How not to lock your bike

Some news has come down the bike path from the Greater Eugene Area Riders cycling club: The club’s blog tells us that the good people who work for the city of Eugene will be installing what are known as “bike rings” on some of those bare posts downtown from which the parking meter heads were removed.

These rings are meant to allow the meter posts to serve, once again, as a reliable place to lock a bike. (Looking at the photo in that post, I have to say the rings look a little flimsy to me. But I will reserve judgment for now.)

Anyway, we have discussed this bike parking issue rather exhaustively in the past. And if you read those older posts you may remember this image, shot right outside the front door of the Perugino coffeehouse and rug shop.

And you may recall that I had posed a question at that time, regarding what a cyclist might do if it came to pass that this parking meter lost its head.

We wondered, in that long-ago post, “What would this cyclist have done? … Would he have forgone the cappuccino?”

Well. Having happened by there last week, I can say that we now know the answer.

The answer is:

“Fuck it. I’m getting a cappuccino.”

Now, for all I know, this guy could have been sitting right at the window table in Perugino, keeping an eye on things outside in what I’ve been told is one of the bike theft capitals of the world.

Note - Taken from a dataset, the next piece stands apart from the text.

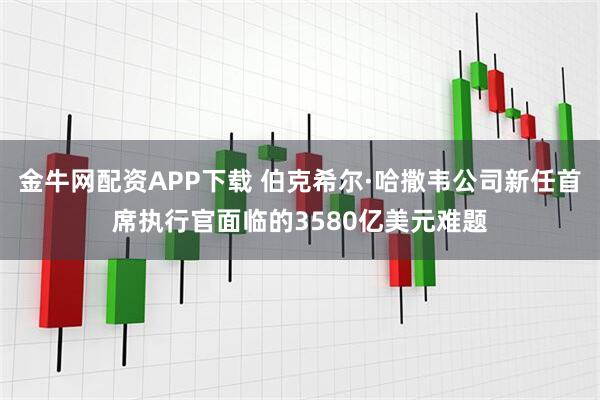 金牛网配资APP下载 伯克希尔·哈撒韦公司新任首席执行官面临的3580亿美元难题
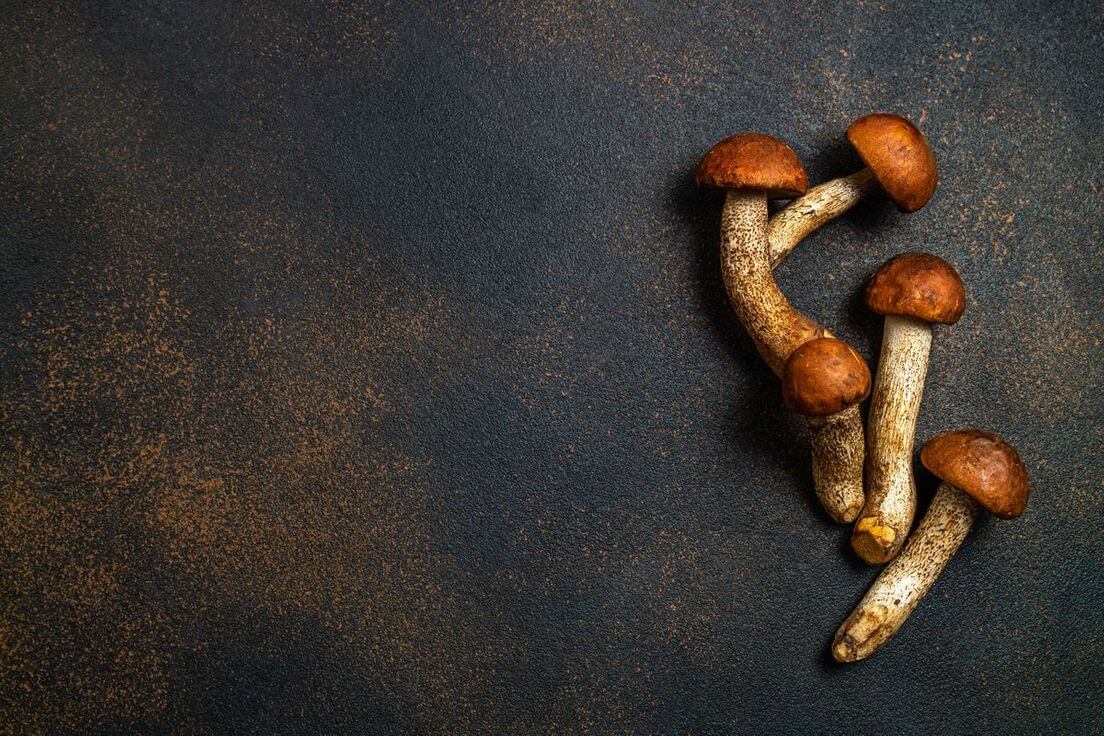 Gold Cap Mushrooms Effects, Signs, Withdrawals & Treatments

Still, this might be a good time to consider a few ways that one should not lock up a bike.

Exhibit A:

This one could fool you if you weren’t paying close attention. But it would not be outside the realm of possibility that the owner of this bike could return to find nothing but her front wheel still locked to the fence — and her dog.

I would add that a dog might be a theft deterrent in many cases, but when your watchdog appears to be a golden retriever (i.e., world’s most amiable breed and often none too bright), I don’t think its presence would actually move the needle in any reputable sort of controlled study.

Let’s move on to Exhibit B:

This is a real bummer, huh? I don’t know what’s worse. Being left with nothing but a front wheel, or nothing but a seat. So, it is not a recommended to lock your bike through the seat rails — particularly if you have a quick release seat post bolt.

Since we are speaking of bicycle parking, some other news recently posted at WeBikeEugene has us very excited. It explains that design students at LCC have been working on creating the new bike corrals that are going to be installed downtown to add even more bicycle parking. And at the same time, bring in some public art.

Check out the WBE story here. It says the potential designs will be on public display in January. I’m looking forward to going to check them out.